▶ _Task to carry out_: Please return exactly the lines from the beginning of the listing up to and including the line with "Gucci Pink & Grey Cashmere GG Knit Toque", with no pictures.

========

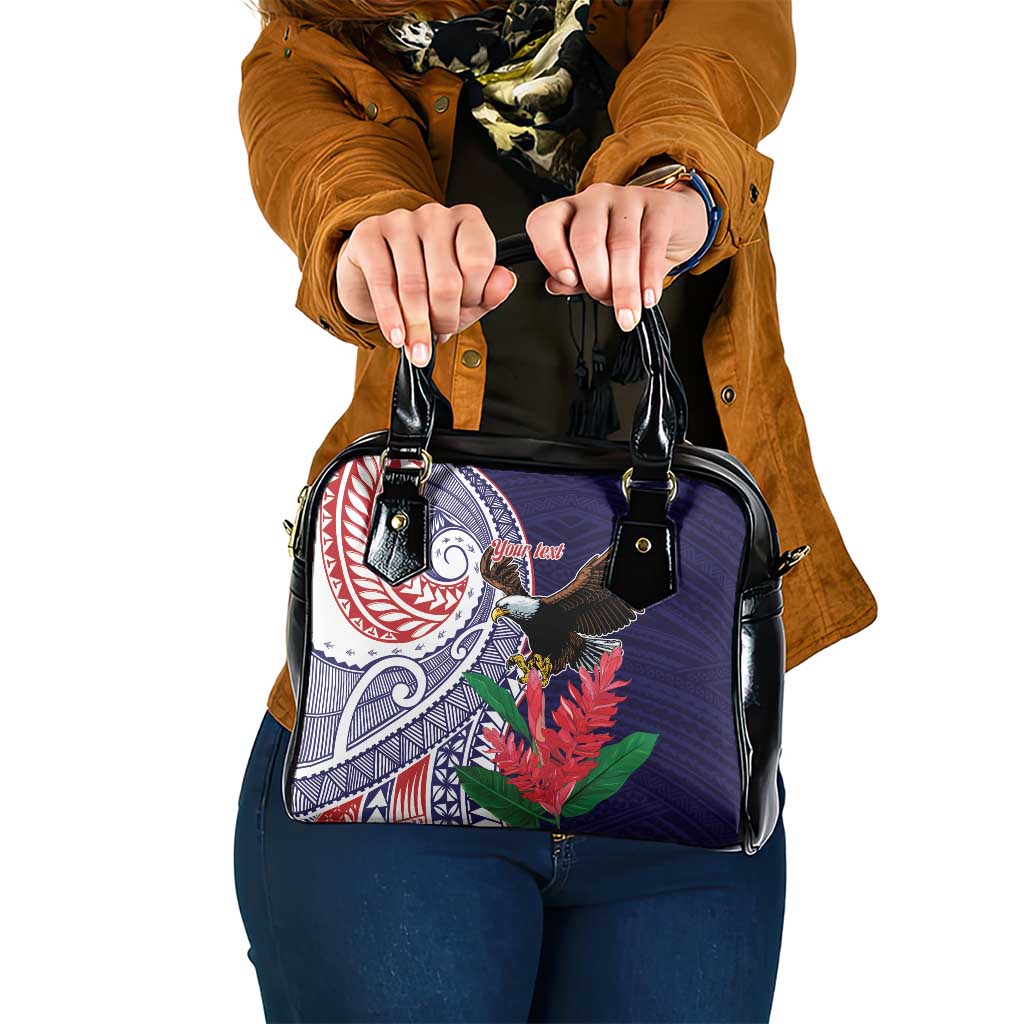 American Samoa Bald Eagle Personalized Shoulder Handbag Polynesian Teuila Flowers LT9 One Size Blue - Polynesian Pride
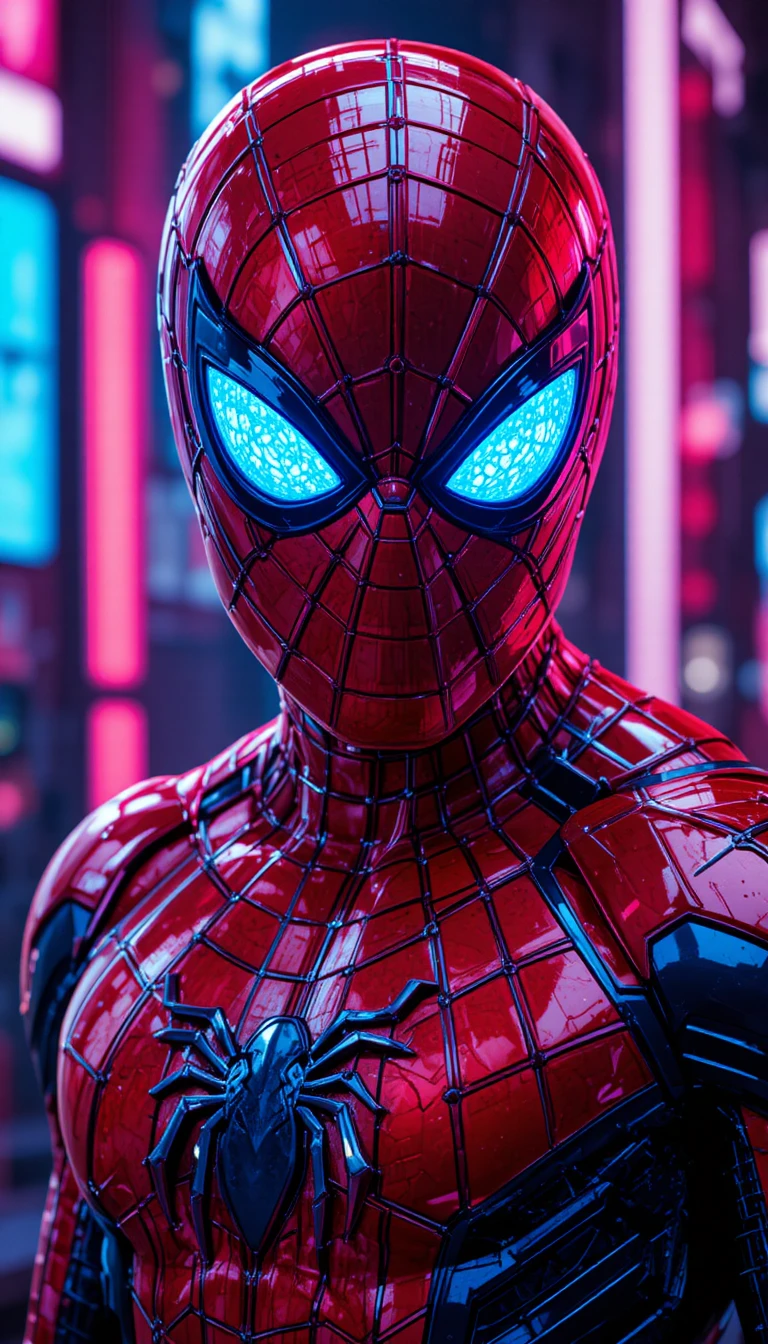 Super-herói futurista em vermelho e azul com fundo neon
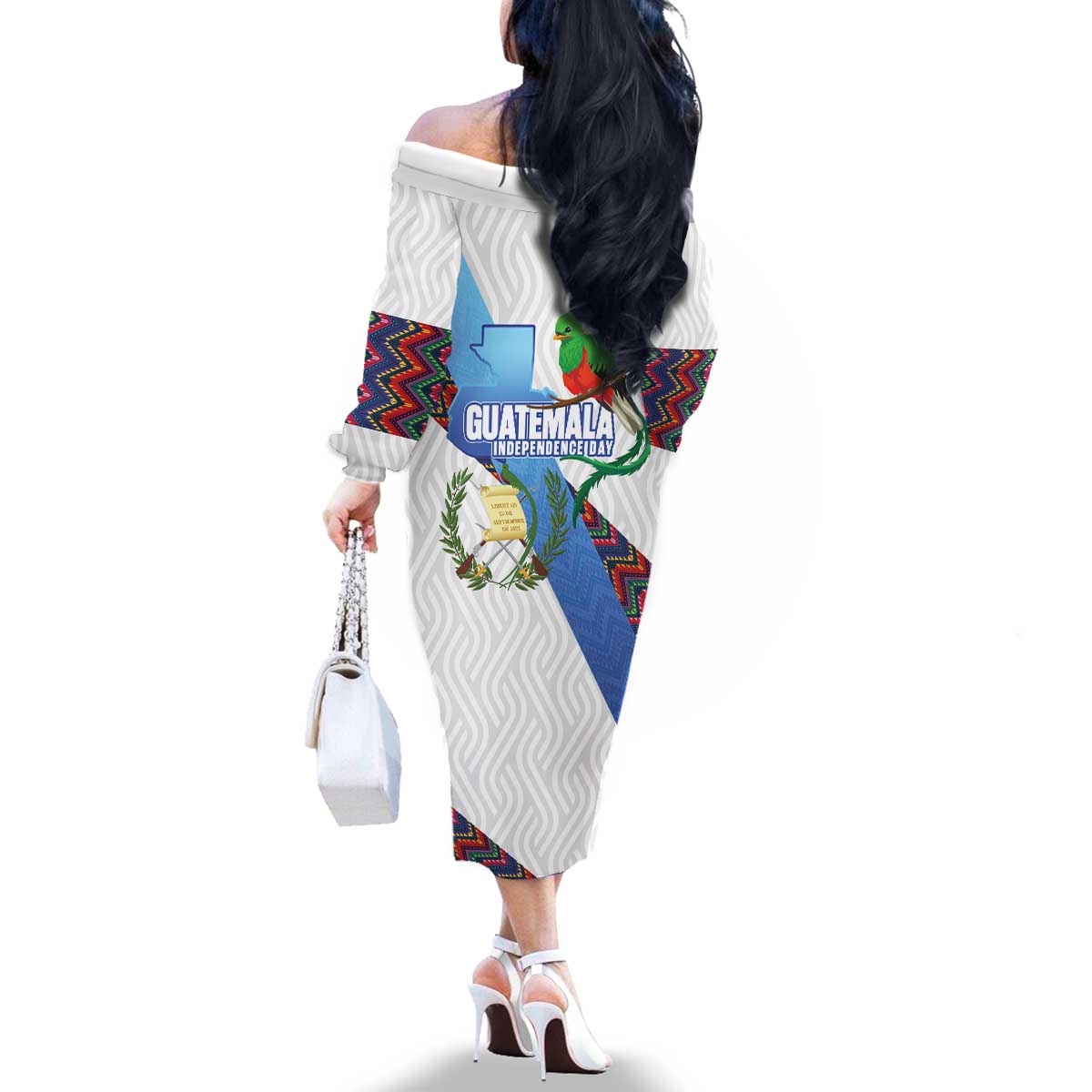 Guatemala Independence Day Family Matching Off The Shoulder Long Sleeve Dress and Hawaiian Shirt Resplendent Quetzal with Coat of Arms and Maya Textiles - Wonder Print Shop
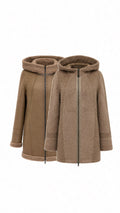 ⇆ Reversible Faux Fur & Suede Jacket with Hood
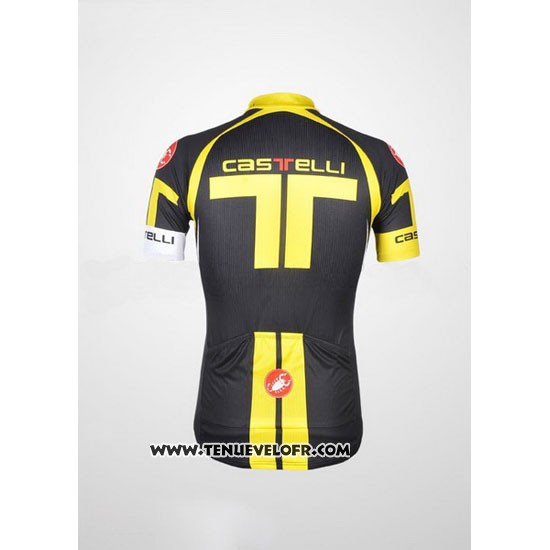 2011 Maillot Ciclismo Castelli Jaune et Noir Manches Courtes et Cuissard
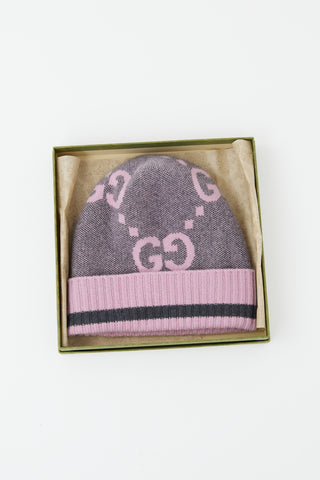 Gucci Pink & Grey Cashmere GG Knit Toque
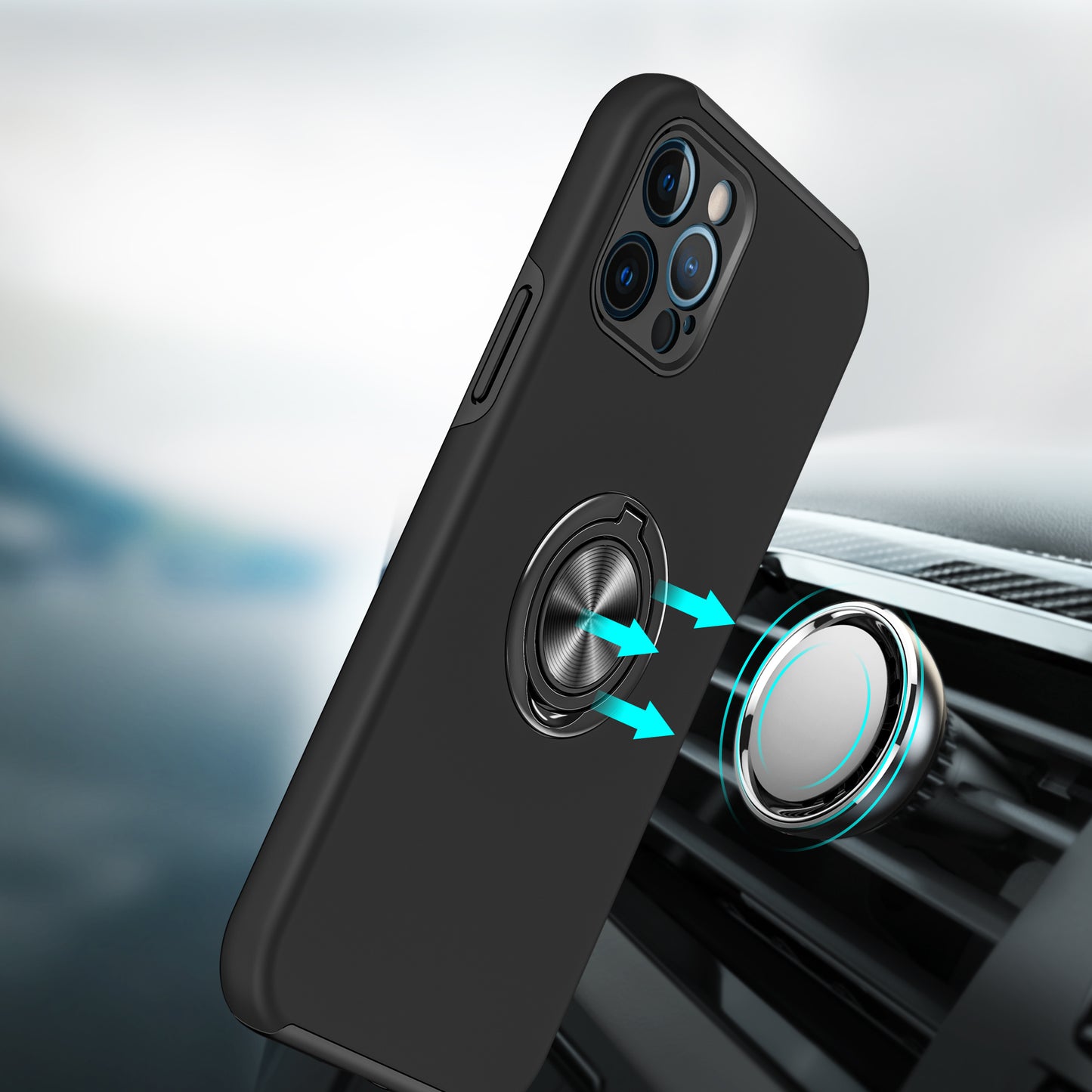 For Apple iPhone SE 3 (2022) SE/8/7 Hybrid 360 Rotatable Invisible Ring Stand Holder Fit Magnetic Car Mount Shockproof Slim  Phone Case Cover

========

▶ _Exercise solution_:
 American Samoa Bald Eagle Personalized Shoulder Handbag Polynesian Teuila Flowers LT9 One Size Blue - Polynesian Pride
 Super-herói futurista em vermelho e azul com fundo neon
 Guatemala Independence Day Family Matching Off The Shoulder Long Sleeve Dress and Hawaiian Shirt Resplendent Quetzal with Coat of Arms and Maya Textiles - Wonder Print Shop
 ⇆ Reversible Faux Fur & Suede Jacket with Hood
 2011 Maillot Ciclismo Castelli Jaune et Noir Manches Courtes et Cuissard
 Gucci Pink & Grey Cashmere GG Knit Toque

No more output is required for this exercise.